BEGIN
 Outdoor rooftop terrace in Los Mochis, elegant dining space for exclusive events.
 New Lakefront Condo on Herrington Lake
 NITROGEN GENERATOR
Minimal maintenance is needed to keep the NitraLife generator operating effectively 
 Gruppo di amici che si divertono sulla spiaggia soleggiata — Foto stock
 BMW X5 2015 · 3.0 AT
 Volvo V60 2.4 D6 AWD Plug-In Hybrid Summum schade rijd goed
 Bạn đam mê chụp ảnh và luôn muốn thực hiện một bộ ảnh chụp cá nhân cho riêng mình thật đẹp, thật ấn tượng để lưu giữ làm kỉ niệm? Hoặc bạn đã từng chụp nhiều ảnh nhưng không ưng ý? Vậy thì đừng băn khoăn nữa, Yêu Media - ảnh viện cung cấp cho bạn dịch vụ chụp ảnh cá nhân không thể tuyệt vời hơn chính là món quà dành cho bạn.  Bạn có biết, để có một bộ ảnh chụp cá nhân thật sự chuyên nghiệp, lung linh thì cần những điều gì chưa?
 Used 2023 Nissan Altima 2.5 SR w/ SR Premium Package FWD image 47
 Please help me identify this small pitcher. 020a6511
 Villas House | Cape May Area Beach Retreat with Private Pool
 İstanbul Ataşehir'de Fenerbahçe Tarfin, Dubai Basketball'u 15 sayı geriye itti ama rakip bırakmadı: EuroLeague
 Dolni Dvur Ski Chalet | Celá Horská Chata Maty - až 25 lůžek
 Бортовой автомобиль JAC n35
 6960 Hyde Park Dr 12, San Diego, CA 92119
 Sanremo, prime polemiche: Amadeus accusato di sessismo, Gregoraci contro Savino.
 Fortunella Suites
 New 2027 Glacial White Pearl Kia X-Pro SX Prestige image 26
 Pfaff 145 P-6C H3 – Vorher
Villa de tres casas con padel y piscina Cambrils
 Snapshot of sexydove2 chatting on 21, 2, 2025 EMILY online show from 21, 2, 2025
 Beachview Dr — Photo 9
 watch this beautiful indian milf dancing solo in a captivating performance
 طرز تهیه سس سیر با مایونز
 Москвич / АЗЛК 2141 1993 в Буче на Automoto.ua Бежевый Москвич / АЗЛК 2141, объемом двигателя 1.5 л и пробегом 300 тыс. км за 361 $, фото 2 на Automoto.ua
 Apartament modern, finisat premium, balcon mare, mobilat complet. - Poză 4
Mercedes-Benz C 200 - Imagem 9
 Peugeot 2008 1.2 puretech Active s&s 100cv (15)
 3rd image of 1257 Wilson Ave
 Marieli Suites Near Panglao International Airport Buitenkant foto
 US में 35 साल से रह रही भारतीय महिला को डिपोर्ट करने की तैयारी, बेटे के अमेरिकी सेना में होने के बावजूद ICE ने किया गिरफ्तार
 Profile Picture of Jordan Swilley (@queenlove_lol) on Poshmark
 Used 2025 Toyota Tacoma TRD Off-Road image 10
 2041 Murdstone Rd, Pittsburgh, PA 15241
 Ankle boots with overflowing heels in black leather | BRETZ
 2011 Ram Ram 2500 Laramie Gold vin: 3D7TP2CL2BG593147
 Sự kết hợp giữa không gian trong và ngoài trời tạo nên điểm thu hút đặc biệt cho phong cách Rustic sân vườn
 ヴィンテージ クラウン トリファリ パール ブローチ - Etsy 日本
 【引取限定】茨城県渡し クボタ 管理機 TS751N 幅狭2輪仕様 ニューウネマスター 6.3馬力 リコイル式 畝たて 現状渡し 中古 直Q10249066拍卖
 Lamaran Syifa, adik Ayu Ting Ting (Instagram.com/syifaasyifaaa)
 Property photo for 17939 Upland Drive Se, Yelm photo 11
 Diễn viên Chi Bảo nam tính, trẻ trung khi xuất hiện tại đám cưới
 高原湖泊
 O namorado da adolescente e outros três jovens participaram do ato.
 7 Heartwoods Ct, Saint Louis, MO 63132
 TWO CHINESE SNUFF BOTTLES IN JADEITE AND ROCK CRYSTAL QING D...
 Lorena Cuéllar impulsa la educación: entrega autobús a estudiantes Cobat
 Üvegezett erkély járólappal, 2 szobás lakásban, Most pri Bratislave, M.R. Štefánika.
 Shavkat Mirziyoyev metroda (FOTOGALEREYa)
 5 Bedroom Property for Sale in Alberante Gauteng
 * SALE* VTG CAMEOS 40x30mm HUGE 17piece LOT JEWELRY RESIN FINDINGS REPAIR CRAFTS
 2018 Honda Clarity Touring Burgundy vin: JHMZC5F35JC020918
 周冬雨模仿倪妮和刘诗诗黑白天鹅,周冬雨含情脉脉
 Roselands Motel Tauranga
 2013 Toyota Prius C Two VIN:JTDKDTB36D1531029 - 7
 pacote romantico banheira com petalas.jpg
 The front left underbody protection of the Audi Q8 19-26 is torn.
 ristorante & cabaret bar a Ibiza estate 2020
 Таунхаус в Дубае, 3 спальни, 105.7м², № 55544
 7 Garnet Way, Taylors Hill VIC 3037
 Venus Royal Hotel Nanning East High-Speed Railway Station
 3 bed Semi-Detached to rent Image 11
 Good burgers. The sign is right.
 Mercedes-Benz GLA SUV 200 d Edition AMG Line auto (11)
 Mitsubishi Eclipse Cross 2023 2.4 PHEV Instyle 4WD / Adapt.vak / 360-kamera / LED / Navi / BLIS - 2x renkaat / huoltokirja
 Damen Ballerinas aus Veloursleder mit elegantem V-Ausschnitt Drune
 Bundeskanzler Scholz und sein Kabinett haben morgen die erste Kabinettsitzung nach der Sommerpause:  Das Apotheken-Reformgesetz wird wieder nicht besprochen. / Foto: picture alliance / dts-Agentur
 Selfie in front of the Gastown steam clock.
END
**YOUR TASK**
Repeat the entries above verbatim, but only from the line that has "Villa de tres" down to the line that has "Apartament modern, finisat", inclusive.

**SOLUTION**
Villa de tres casas con padel y piscina Cambrils
 Snapshot of sexydove2 chatting on 21, 2, 2025 EMILY online show from 21, 2, 2025
 Beachview Dr — Photo 9
 watch this beautiful indian milf dancing solo in a captivating performance
 طرز تهیه سس سیر با مایونز
 Москвич / АЗЛК 2141 1993 в Буче на Automoto.ua Бежевый Москвич / АЗЛК 2141, объемом двигателя 1.5 л и пробегом 300 тыс. км за 361 $, фото 2 на Automoto.ua
 Apartament modern, finisat premium, balcon mare, mobilat complet. - Poză 4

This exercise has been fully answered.